If you have 10 mL of HCl and 50mL of NaOH, how many moles

ofwater are produced by the acid-base reaction?

0.3233 mol

Explanation:

Let's suppose that the acid (HCl) is concentrated (almost pure), thus, its density is 1.18 g/mL. The density of NaOH is 2.13 g/mL. The molar masses are: HCl = 36.5 g/mol, NaOH = 40 g/mol.

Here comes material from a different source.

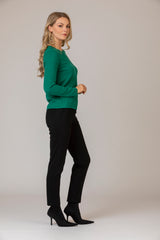 Green Cashmere Jumper with Glitter Epaulets | Esthēme Cachemire at Sarah Thomson | Side profile in Brax trousers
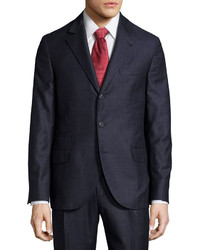 Navy Houndstooth Wool Suit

When an acid and a base react, they are neutralized, and salt and water are formed. The reaction of these two substances is:

HCl + NaOH → NaCl + H₂O

Thus, by the stoichiometry, 1 mol of HCl must react with 1 mol of NaOH to form 1 mol of water (H₂O). Let them found out which of the reactants is limiting. The mass is the volume multiplied by the density:

mHCl = 10 mL * 1.18 g/mL = 11.8 g

mNaOH = 50 mL * 2.13 g/mL = 106.5 g

The number of moles is the mass divided by the molar mass:

nHCl = 11.8/36.5 = 0.3233 mol

nNaOH = 106.5/40 = 2.6625 mol

So, HCl is the limiting reactant, thus it will react completely, and 0.3233 mol of water will be formed.